Global ratings agency S&P Global Ratings has upgraded Ghana’s long- and short-term foreign and local currency sovereign credit rating to ‘B-/B’ from ‘CCC+/C’, citing improved fiscal discipline, stronger external balances, and a more stable economic environment. The outlook remains stable.
S&P also raised Ghana’s transfer and convertibility assessment to ‘B-’ from ‘CCC+’, reflecting greater confidence in the country’s management of foreign exchange and external obligations.
According to S&P, the upgrade reflects Ghana’s strengthening balance of payments and gradual fiscal recovery, supported by resilient growth and high gold and cocoa prices—commodities that together make up over 60% of the nation’s exports.
The agency projects gross international reserves to rise to US$10.4 billion (9% of GDP) by the end of 2025, from US$6.8 billion a year earlier.
Inflation, previously above 20%, is expected to stay below 10% from 2026 onward, while the cedi has appreciated about 30% against the U.S. dollar since early 2025.
S&P highlighted new fiscal rules introduced by Ghana’s administration elected in December 2024, including a 1.5% primary surplus target and plans to reduce debt to 45% of GDP by 2034. Tighter procurement oversight and spending controls are intended to prevent the fiscal slippages that led to past crises.
S&P noted Ghana’s significant progress in resolving its debt challenges following the 2022 default. The government has completed domestic debt exchanges and a US$13.1 billion Eurobond restructuring, while talks continue with official and commercial creditors over the remaining US$5 billion.
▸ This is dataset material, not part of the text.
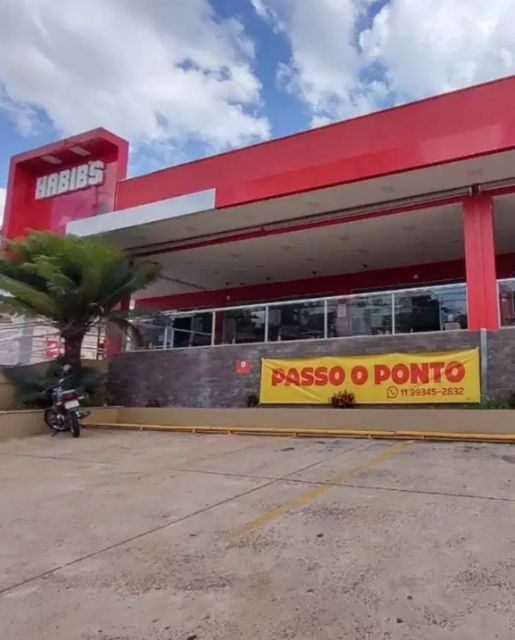 Foto que circula nas redes sociais mostra a faixa colocada na frente da lanchonete em São Carlos - Crédito: Redes sociais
However, the agency cautioned that disputes with lenders such as the African Export-Import Bank and the Eastern and Southern African Trade and Development Bank could delay final agreements.
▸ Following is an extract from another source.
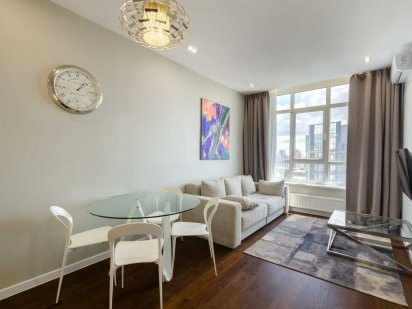 Подобова оренда 2кім.квартири в ЖК «Central Park» вул.Маккейна 7 центр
S&P raised its 2025 growth forecast to 6.0%, up from 4.5%, citing stronger private-sector activity and business confidence.
The current account surplus is expected to reach 4.6% of GDP—a record high—before moderating as commodity prices normalise.
Despite the upgrade, Ghana’s credit profile remains constrained by high debt-service costs, institutional weaknesses, and vulnerability to commodity and climate shocks. S&P warned that the sustainability of fiscal reforms has yet to be tested through a full economic and electoral cycle.
Stable outlook
The stable outlook reflects a balance between improving fiscal and external metrics and risks related to reform implementation and debt service pressures.
S&P said it could raise the rating further if Ghana sustains low deficits, builds reserves, and restores access to international capital markets. Conversely, a downgrade could follow if fiscal discipline weakens, debt-service costs rise, or commodity prices fall sharply.
Background
Ghana, which defaulted in December 2022, is currently implementing a US$3 billion IMF Extended Credit Facility through May 2026 to anchor fiscal reforms and macroeconomic stability.
S&P expects Ghana’s real GDP growth to average 5.6% annually through 2028, supported by stronger fiscal management, lower inflation, and renewed investor confidence.